- Born: Ripon, Wisconsin, U.S.
- Education: University of Wisconsin–Eau Claire; University of Minnesota
- Occupations: Composer; Educator; Pianist
- Known for: Choral compositions
- Notable work: O Viridissima Virga, Genesis II, Seven Sevens, Jack and the Beanstalk

= Janika Vandervelde =

American classical composer (born 1955)

Janika Vandervelde (born 1955) is an American composer, pianist, and music educator. Her work, notable for its feminist and ecological themes, has won numerous awards. Known for her music for orchestra, chorus, chamber ensembles and the stage, she also teaches composition.

==Biography==
Janika Vandervelde was born in Ripon, Wisconsin, and grew up in nearby Green Lake, playing horn and piano starting at age five. She began composing in her teens. After undergraduate studies in music education at the University of Wisconsin–Eau Claire, she relocated to the Twin Cities of Minnesota, earning a doctorate in composition from the University of Minnesota (1985), where her teachers included Dominick Argento and Eric Stokes. She has taught intermittently at the University of Minnesota School of Music, and teaches regularly at Hamline University and at the Perpich Center for Arts Education, a residential high school for the arts in Golden Valley, Minnesota. Vandervelde is the author of Music by Kids for Kids , a composition curriculum designed for computer labs equipped with MIDI keyboards, published by the American Composers Forum. She was associate conductor of the Mississippi Valley Chamber Orchestra, and also served as music director at Wesley United Methodist Church in Minneapolis.

==Compositions==
Vandervelde is known especially for her choral music, which has been commissioned and performed by groups such as Chanticleer, the Dale Warland Singers, and the Oregon Repertory Singers, and by conductors including Sir David Willcocks.
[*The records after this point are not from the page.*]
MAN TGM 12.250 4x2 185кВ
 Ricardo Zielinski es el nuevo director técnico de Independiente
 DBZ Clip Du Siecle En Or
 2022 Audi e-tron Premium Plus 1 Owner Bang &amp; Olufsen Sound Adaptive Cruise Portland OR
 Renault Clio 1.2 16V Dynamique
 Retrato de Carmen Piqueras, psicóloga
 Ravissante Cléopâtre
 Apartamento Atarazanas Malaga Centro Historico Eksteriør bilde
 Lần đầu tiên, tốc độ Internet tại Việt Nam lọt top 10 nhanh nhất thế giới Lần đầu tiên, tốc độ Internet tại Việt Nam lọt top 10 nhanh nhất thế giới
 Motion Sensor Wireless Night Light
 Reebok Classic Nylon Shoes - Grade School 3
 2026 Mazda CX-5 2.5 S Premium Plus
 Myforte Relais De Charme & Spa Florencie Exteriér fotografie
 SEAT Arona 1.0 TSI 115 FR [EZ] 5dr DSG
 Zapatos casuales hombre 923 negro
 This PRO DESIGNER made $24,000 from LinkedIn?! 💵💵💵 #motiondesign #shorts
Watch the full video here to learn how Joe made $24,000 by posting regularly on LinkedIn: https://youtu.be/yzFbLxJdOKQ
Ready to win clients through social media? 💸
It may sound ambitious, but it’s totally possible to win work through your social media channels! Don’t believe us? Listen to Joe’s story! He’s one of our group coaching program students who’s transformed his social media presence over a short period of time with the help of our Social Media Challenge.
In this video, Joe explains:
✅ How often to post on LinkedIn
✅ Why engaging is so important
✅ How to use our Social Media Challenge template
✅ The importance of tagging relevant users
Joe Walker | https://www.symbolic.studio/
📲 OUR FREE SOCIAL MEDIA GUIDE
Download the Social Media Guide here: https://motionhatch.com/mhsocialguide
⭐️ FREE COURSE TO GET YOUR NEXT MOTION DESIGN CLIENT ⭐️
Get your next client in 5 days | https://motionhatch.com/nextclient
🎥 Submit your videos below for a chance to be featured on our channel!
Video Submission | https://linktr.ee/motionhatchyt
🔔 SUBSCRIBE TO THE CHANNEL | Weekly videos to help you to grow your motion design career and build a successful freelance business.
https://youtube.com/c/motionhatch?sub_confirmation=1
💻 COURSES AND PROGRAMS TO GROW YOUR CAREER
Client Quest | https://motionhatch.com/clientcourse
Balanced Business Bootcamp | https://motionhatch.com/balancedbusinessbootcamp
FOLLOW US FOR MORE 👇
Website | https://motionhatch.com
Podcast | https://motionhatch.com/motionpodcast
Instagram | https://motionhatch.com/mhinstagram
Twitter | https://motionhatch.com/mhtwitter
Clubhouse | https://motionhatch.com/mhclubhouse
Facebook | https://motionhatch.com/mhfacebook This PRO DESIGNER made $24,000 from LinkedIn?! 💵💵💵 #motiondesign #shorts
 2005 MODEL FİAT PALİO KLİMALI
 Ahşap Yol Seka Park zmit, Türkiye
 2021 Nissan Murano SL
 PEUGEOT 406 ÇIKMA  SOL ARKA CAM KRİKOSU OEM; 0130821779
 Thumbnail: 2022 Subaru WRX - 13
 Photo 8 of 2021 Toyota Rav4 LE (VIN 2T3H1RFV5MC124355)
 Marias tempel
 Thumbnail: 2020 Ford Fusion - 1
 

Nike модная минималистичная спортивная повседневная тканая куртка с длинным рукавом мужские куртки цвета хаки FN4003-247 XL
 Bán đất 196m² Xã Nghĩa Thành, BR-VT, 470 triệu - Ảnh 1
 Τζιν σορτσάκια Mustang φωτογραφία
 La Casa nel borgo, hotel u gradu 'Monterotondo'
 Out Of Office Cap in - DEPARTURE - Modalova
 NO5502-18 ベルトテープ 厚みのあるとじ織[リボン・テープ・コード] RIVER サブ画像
She has composed more than 100 works for orchestra, choir, chamber ensembles, and soloists, as well as two operas, Hildegard (1989) and Seven Sevens (1993), and has written extensively for young audiences. Among the fruits of her three-year tenure as composer-in-residence for the Minnesota Chorale and two other Twin Cities organizations was Adventures of the Black Dot, a "choral storybook" for children, with story by Judy McGuire and staging by Kari Margolis. Recent projects include choral music for , a collaboration with choreographer-director Vanessa Voskuil, and a 65-minute electronic soundscape for Diana Takes a Swim, a collaboration with dancer-choreographer Deborah Jinza Thayer. Vandervelde's work is published by Hothouse Press, earthsongs, Augsburg Fortress, Boosey & Hawkes, and Miela Harmonija.

==Reception==
Vandervelde's music has been warmly received. She has been called "a passionate experimenter and ingenious explorer of new sonorities" and "a composer whose style reflects a freely inquisitive artistic personality." Most notably, the feminist musicologist Susan McClary argued that Vandervelde's piano trio "Genesis II moves metaphorically through a series of natural, cultural, and historical worldviews, holding them in tension and contradiction." McClary also argued that "Vandervelde's use of a rhythmically insistent but harmonically ambiguous academic minimalism [expresses] female embodiment and pleasure." McClary's feminist readings of Vandervelde's work, along with her readings of other composers, ignited a debate in musical criticism and scholarship. Genesis II (premiered and recorded by the Mirecourt Trio) is discussed at length in Take Note, an undergraduate music-appreciation textbook by musicologist Robin Wallace, published in 2014 by Oxford University Press; the work is part of the book's "core repertory."

==Awards==
Vandervelde has won numerous awards for her work as a composer, including multiple Bush Artist Fellowships and McKnight Foundation Composer Fellowships. She is also a recipient of the Lili Boulanger Award from The Women's Philharmonic of San Francisco.